(Recasts with broader Bundesbank measure)
By Dave Graham
BERLIN, Dec 1 (Reuters) - Retail sales in Germany rose slightly during October, helping to offset the impact of slackening exports, but with unemployment expected to rise next year, the outlook for next year is cloudy.
Sales, including turnover at gas stations and cars, rose by 0.4 percent from September, Bundesbank data showed on Monday. A narrower measure excluding gas stations and auto sales had earlier shown a decline of 1.6 percent on the month.
Ulrike Kastens, an economist at Sal. Oppenheim in Cologne, said with turmoil on financial markets peaking in October, it had been a tough month for consumers.
"So it's pretty amazing that we got a better result with cars," Kastens said. "But it is pleasing."
"I don't think this will alter the general trend, so we shouldn't be more than cautiously optimistic. But it suggests consumers will have a stabilising influence on the economy."
Economists said falling oil prices had probably helped to encourage spending on fuel, boosting the October result.
Compared with the previous year, total sales were down by 1.7 percent in October, which in 2008 had the same number of shopping days as the same month a year earlier.
"Now consumer sentiment has brightened, the oil price has dropped and I can imagine that we will see slight growth in the remaining weeks of the quarter," Kastens said.

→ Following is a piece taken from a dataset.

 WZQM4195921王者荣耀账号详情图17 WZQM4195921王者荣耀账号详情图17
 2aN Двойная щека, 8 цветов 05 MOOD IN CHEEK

With employment at a record high in Europe's biggest economy, inflation easing and the savings rate at a 14-year high, analysts say German consumers are well positioned to help the country as it battles recession.
The GfK market research firm's latest survey of consumer sentiment suggested the mood would improve going into December.
CHRISTMAS CHEER
The economic slowdown has been led by a deterioration in foreign demand, hitting Germany's exports.
Figures from the VDMA plant and equipment makers' association published on Monday showed foreign engineering orders fell by 19 percent on the year in October.
The immediate outlook for retail spending is mixed.
A survey of retail purchasing managers in November showed German retail sales were even weaker last month, though the country's HDE industry association said Christmas sales in Europe's largest economy had started briskly.
"Business on the first advent weekend went really well," HDE spokesman Hubertus Pellengahr said on Sunday. "Most retailers are happy. That applies to all of last week too."
The HDE has forecast retail sales over Christmas will rise by around 1 percent compared with last year.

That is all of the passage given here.